Dataset content below:

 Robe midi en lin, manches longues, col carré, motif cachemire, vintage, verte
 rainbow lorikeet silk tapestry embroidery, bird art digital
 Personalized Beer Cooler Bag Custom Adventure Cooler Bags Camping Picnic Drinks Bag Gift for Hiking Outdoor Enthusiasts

End of Dataset content.

> _Task to complete_
What is needed is a verbatim copy of the data, complete from first line to last.

> _Result_
 Robe midi en lin, manches longues, col carré, motif cachemire, vintage, verte
 rainbow lorikeet silk tapestry embroidery, bird art digital
 Personalized Beer Cooler Bag Custom Adventure Cooler Bags Camping Picnic Drinks Bag Gift for Hiking Outdoor Enthusiasts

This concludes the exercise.